# Exercise prompt
The first line of the entries and each line after it, through the one that contains "用户评论和反馈概念用户评论在", are to be duplicated exactly; no picture belongs in the copy.

───── Material shown

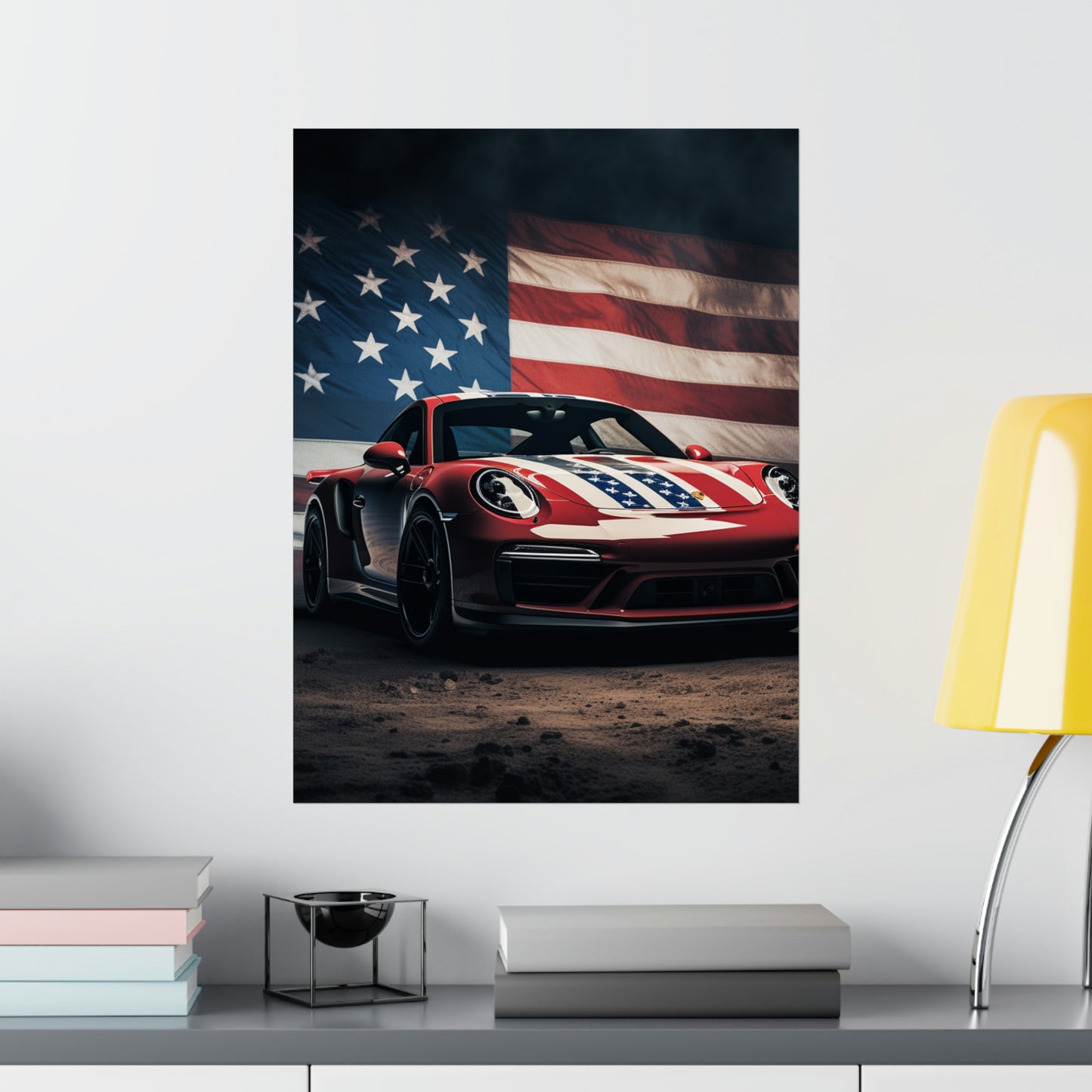 Premium Matte Vertical Posters American Flag Background Porsche 3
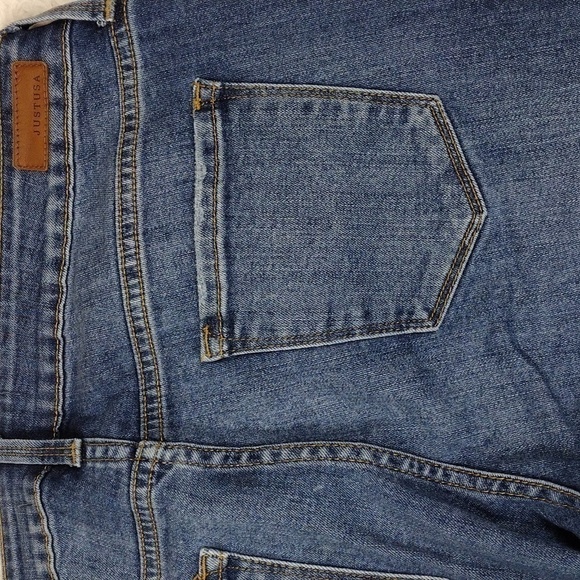 JUSTUSA Blue Whiskering Medium Wash Five Pocket Mid Rise Straight Leg Ankle Jean - Picture 12 of 15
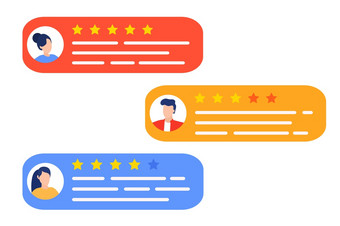 用户评论和反馈概念用户评论在线客户反馈审查经验评级概念用户客户端服务消息向量插图平风格用户评论和反馈概念图片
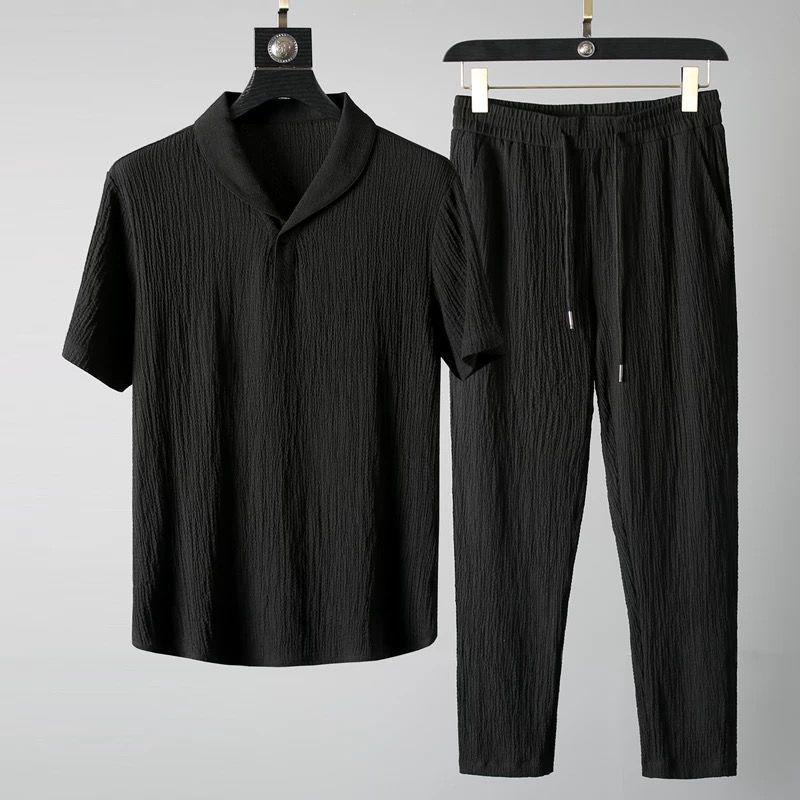 Primavera y verano ligero lujo plegado casual juego deportivo hombre ligero transpirable con solapa de moda pantalones de manga corta dos piezas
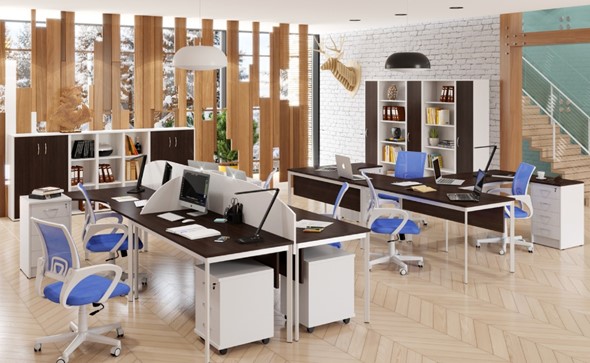Комплект офисной мебели Imago S - два стола, две тумбы в Петрозаводске - изображение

──────────

# Final answer
 Premium Matte Vertical Posters American Flag Background Porsche 3
 JUSTUSA Blue Whiskering Medium Wash Five Pocket Mid Rise Straight Leg Ankle Jean - Picture 12 of 15
 用户评论和反馈概念用户评论在线客户反馈审查经验评级概念用户客户端服务消息向量插图平风格用户评论和反馈概念图片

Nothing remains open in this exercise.